*Brief*
Write the lines below out exactly, dropping each picture.

*Supplied data*
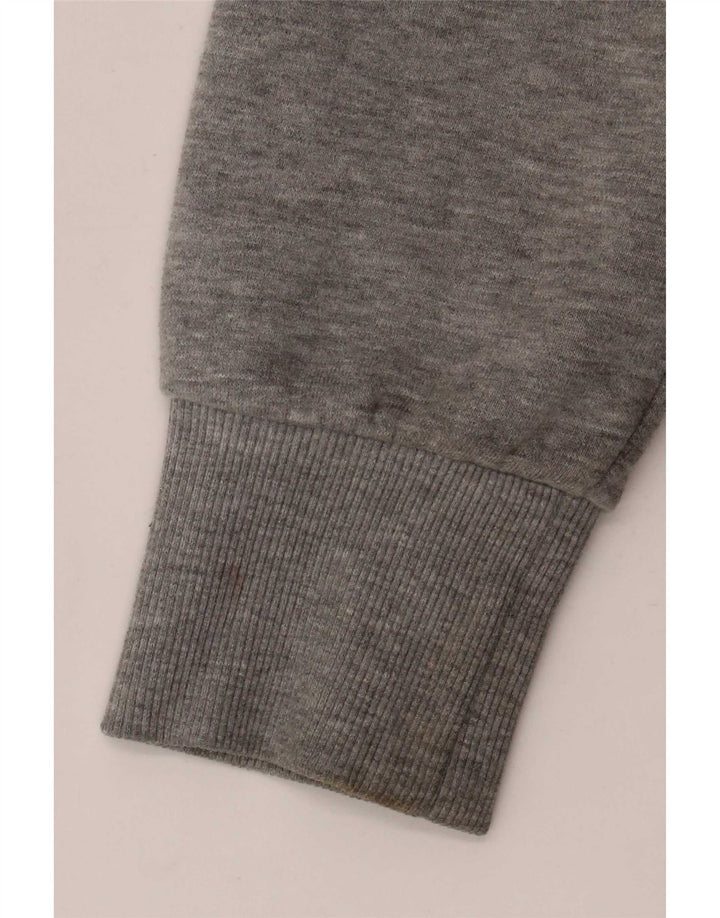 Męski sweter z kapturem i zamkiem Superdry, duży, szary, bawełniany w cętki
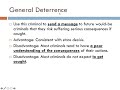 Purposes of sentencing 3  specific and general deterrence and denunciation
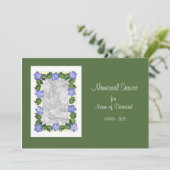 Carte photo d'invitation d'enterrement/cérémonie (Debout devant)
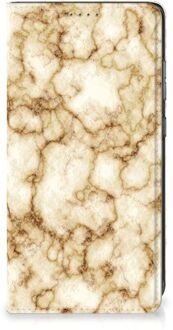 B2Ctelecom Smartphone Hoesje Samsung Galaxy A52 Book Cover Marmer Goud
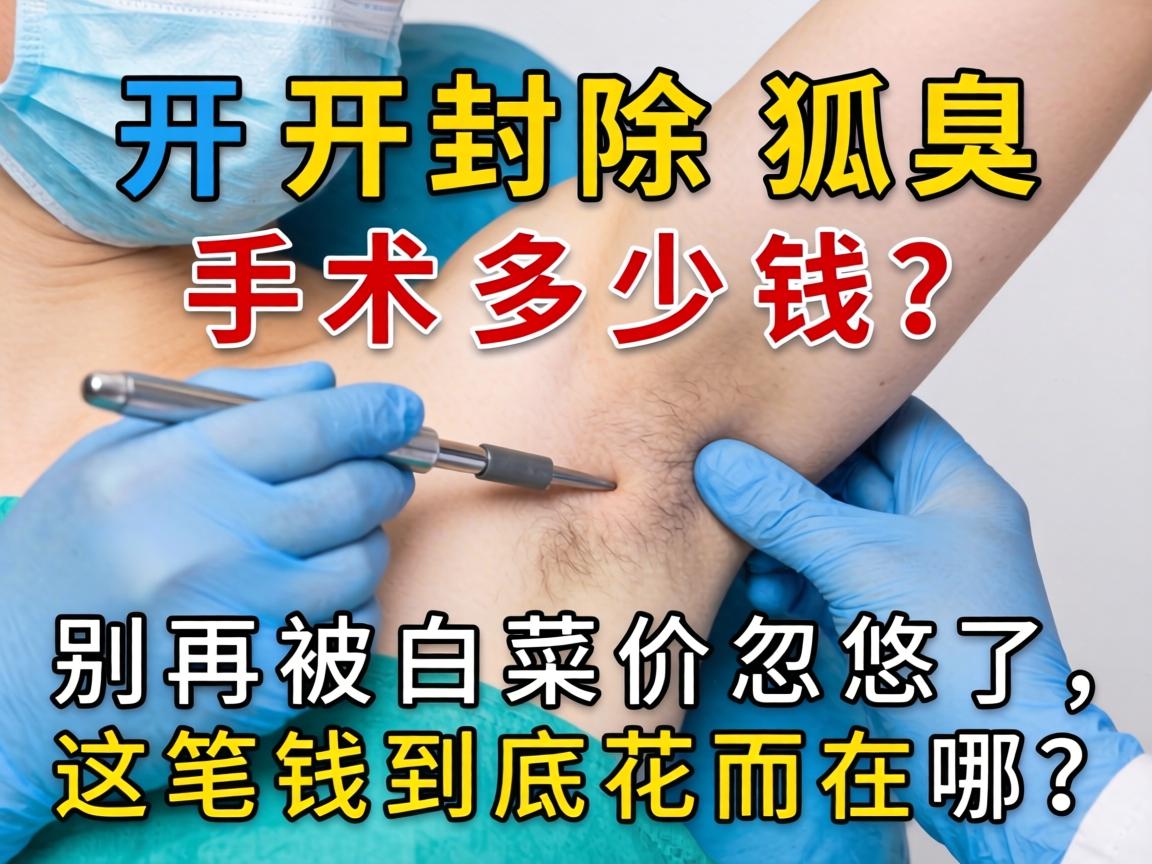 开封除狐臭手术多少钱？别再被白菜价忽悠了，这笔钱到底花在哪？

*Expected answer*
 Męski sweter z kapturem i zamkiem Superdry, duży, szary, bawełniany w cętki
 Purposes of sentencing 3  specific and general deterrence and denunciation
 Carte photo d'invitation d'enterrement/cérémonie (Debout devant)
 B2Ctelecom Smartphone Hoesje Samsung Galaxy A52 Book Cover Marmer Goud
 开封除狐臭手术多少钱？别再被白菜价忽悠了，这笔钱到底花在哪？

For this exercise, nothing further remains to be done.